Participou dos trabalhos de elaboração da nova Constituição como titular da Subcomissão do Poder Executivo, da Comissão da Organização dos Poderes e Sistema de Governo; e, como suplente, da Subcomissão de Tributos, Participação e Distribuição das Receitas, da Comissão do Sistema Tributário, Orçamento e Finanças. Nas principais votações da Constituinte, pronunciou-se a favor do rompimento de relações diplomáticas com países de orientação racista, da limitação do direito da propriedade privada, do mandado de segurança coletivo, da legalização do aborto, da remuneração 50% superior para o trabalho extra, da jornada semanal de 40 horas, do turno ininterrupto de seis horas, do aviso prévio proporcional, da unicidade sindical, da soberania popular, do presidencialismo, da nacionalização do subsolo, da estatização do sistema financeiro, do limite de 12% ao ano para os juros reais, da proibição do comércio de sangue, da limitação dos encargos da dívida externa, da criação de um fundo de apoio à reforma agrária, da anistia aos micro e pequenos empresários, da legalização do jogo do bicho, da desapropriação da propriedade produtiva e da estabilidade no emprego. Votou contra a pena de morte e o mandato de cinco anos para o presidente José Sarney.

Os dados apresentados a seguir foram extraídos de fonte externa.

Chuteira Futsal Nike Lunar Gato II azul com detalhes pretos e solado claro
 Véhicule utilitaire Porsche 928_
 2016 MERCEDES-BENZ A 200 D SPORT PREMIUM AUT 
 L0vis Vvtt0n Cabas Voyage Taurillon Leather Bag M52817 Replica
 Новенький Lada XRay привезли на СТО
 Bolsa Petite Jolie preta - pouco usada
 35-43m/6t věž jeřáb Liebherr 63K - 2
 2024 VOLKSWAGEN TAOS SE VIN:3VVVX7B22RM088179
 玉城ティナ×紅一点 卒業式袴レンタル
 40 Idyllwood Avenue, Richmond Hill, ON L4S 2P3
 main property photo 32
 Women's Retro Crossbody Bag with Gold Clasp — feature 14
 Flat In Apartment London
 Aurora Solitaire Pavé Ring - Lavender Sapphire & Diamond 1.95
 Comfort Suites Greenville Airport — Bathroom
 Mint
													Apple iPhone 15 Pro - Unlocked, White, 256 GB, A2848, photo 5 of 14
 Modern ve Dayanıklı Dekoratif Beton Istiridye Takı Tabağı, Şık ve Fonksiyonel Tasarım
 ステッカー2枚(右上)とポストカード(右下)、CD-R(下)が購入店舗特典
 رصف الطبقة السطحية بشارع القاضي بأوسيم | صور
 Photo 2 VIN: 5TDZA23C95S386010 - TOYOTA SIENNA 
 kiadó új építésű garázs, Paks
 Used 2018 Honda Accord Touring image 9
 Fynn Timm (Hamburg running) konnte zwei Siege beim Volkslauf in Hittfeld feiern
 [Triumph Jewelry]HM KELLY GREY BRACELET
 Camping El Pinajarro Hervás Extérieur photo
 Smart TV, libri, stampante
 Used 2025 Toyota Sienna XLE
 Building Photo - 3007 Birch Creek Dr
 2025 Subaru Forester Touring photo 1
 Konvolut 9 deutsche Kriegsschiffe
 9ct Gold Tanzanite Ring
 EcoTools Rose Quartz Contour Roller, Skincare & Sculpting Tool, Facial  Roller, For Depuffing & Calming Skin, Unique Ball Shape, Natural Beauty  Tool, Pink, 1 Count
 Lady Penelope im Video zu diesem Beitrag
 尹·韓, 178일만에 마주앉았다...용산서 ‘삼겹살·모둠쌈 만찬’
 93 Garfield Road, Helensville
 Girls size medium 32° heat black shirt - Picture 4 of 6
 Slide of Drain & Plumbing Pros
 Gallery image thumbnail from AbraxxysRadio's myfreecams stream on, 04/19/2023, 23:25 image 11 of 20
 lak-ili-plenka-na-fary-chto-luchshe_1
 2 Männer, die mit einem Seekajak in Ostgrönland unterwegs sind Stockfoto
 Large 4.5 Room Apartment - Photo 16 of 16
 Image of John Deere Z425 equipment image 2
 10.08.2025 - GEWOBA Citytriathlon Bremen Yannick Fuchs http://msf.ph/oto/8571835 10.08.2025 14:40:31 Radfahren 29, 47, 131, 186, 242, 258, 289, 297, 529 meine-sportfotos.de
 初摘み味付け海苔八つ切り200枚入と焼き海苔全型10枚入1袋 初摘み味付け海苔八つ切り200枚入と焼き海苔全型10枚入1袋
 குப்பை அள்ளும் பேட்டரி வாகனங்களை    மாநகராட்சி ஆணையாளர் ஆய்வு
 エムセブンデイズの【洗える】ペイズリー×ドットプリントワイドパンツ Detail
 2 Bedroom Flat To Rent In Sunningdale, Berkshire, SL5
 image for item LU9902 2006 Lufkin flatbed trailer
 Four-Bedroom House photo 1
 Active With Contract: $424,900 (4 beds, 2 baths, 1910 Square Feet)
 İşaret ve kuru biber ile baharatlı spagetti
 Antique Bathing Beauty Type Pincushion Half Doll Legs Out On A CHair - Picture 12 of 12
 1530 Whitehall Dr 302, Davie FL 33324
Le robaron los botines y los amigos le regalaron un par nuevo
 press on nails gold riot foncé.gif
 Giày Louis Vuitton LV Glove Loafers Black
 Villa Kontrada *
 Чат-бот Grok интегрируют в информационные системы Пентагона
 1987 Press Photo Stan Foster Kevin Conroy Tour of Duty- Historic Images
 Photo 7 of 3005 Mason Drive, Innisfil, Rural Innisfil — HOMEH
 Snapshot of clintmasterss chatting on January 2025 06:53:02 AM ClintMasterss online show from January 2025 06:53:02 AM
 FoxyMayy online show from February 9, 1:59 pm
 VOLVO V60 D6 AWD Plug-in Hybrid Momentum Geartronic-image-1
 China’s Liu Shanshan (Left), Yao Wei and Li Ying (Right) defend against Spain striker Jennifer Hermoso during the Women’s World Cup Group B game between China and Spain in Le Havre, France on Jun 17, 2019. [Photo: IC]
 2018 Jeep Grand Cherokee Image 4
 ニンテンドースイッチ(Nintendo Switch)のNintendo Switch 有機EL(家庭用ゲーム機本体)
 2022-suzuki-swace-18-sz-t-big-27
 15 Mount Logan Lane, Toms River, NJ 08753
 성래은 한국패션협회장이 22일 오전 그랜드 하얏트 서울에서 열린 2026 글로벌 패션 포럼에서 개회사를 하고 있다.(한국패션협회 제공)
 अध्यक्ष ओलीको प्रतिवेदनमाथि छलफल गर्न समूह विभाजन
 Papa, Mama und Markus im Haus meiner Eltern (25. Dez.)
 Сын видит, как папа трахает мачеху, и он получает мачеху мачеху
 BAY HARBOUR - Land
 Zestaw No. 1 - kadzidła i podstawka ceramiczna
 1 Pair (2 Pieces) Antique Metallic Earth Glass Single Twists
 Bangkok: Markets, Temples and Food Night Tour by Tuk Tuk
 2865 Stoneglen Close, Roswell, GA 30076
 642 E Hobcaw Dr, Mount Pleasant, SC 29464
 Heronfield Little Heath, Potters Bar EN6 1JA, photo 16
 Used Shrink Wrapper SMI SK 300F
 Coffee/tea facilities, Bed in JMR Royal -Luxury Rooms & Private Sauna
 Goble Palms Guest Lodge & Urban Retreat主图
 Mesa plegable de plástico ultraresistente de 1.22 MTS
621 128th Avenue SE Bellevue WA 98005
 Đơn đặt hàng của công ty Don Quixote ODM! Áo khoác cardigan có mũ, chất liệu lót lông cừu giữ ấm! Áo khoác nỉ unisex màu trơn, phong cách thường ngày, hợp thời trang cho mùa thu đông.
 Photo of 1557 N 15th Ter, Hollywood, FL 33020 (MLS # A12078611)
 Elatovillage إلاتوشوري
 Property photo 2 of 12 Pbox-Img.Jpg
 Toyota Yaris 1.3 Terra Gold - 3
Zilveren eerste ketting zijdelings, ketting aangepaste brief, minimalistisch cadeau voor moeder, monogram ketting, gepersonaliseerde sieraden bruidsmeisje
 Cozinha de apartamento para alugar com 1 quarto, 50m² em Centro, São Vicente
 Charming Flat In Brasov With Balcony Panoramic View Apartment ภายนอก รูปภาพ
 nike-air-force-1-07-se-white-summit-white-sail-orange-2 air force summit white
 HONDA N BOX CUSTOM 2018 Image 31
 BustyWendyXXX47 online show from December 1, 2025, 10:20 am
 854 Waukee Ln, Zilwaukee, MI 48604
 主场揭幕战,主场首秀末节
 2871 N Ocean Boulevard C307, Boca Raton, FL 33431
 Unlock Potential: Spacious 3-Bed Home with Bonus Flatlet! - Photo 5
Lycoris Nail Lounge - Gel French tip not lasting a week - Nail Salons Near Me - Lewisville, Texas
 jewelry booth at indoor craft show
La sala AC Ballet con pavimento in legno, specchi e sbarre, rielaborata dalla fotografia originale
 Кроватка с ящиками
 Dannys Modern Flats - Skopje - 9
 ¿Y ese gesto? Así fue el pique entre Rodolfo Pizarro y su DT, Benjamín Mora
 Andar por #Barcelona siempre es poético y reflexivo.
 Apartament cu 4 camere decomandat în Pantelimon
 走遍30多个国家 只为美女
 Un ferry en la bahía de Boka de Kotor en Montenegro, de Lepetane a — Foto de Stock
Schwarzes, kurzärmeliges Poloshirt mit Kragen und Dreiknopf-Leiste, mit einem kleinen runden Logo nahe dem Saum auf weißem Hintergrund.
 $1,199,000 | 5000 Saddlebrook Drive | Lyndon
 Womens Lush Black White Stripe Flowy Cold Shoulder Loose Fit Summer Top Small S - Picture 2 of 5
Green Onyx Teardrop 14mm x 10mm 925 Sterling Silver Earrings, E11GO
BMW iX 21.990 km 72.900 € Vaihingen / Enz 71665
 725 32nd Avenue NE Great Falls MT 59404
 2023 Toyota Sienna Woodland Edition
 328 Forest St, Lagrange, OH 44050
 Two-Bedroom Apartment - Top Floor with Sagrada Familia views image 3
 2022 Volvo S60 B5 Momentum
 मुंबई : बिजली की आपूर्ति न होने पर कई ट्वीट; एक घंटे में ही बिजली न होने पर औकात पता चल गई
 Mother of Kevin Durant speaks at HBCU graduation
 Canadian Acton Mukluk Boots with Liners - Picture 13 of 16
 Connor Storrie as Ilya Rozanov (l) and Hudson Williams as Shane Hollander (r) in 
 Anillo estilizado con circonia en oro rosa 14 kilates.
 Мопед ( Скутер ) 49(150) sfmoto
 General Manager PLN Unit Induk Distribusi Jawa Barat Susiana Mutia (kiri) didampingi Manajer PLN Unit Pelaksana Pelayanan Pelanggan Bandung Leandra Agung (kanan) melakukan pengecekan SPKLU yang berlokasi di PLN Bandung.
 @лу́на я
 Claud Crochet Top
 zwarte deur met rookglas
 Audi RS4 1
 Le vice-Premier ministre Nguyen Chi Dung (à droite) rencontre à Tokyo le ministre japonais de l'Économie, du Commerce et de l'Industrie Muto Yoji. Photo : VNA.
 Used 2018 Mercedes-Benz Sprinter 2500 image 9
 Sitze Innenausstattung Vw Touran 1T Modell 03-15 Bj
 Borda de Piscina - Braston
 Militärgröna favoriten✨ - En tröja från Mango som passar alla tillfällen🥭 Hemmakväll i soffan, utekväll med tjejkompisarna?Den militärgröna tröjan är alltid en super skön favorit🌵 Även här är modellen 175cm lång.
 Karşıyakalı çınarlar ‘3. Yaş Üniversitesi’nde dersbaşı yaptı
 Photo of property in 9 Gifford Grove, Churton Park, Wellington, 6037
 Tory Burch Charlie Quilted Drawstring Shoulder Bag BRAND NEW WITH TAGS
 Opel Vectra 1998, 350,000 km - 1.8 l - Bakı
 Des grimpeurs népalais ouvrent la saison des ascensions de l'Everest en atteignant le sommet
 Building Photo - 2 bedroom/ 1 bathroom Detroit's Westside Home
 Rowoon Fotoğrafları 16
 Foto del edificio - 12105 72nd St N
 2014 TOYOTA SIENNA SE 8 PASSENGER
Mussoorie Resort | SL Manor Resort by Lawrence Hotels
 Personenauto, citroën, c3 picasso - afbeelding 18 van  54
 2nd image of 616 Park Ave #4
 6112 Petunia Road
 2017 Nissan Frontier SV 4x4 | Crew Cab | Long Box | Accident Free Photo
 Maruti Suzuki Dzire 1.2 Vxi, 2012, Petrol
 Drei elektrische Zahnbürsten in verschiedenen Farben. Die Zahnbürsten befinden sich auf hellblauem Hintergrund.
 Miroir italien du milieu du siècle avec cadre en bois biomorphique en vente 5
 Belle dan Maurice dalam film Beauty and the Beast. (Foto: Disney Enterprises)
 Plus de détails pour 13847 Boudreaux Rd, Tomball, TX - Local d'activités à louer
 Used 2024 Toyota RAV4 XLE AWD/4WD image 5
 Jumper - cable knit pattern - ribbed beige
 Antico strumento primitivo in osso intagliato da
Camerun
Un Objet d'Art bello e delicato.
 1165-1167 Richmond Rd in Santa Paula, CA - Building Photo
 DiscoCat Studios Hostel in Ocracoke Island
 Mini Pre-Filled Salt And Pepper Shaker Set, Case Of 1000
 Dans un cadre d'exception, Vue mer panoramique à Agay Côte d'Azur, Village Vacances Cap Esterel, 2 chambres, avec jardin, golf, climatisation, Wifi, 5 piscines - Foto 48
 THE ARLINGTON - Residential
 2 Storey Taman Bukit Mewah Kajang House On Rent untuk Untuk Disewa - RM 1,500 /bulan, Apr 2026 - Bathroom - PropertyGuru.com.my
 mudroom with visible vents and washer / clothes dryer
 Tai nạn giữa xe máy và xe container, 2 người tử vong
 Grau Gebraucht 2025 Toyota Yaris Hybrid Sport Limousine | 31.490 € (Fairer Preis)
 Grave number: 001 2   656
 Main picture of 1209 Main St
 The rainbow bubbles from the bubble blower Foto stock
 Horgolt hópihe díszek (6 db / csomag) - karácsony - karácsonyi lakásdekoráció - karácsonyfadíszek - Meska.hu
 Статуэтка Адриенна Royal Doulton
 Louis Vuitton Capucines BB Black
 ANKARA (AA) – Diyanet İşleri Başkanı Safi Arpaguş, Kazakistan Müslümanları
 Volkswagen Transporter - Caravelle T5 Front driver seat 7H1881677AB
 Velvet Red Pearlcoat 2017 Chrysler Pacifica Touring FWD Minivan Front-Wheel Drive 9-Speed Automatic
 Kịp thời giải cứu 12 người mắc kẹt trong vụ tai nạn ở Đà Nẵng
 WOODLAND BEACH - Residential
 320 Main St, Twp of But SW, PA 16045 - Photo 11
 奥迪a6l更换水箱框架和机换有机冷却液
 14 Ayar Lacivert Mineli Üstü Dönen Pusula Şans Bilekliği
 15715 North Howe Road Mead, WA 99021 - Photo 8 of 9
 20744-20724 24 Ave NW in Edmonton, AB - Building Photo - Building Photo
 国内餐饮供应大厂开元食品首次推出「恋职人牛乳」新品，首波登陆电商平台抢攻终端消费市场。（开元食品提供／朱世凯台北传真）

Com o fim dos trabalhos constituintes em outubro de 1988, assumiu, no ano seguinte, a presidência da Comissão de Trabalho da Câmara, coordenando a elaboração da primeira legislação salarial sob a responsabilidade do Congresso Nacional. Ainda em 1989, obteve a aprovação do Congresso para a concessão a Nelson Mandela, líder negro sul-africano que se destacara na luta contra o apartheid, da comenda Grande Colar — honraria concedida pelo Legislativo a estadistas e personalidades que se destacaram na defesa dos direitos humanos. Em junho de 1990, chefiou a primeira missão parlamentar brasileira à África do Sul, quando Mandela e sua esposa Winnie Mandela foram convidados a visitar o Brasil. Ainda nesse ano, foi eleito primeiro-vice-presidente da Comissão de Trabalho Administrativo e Serviços Públicos, denominação recebida pela Comissão de Trabalho após a incorporação de novas funções.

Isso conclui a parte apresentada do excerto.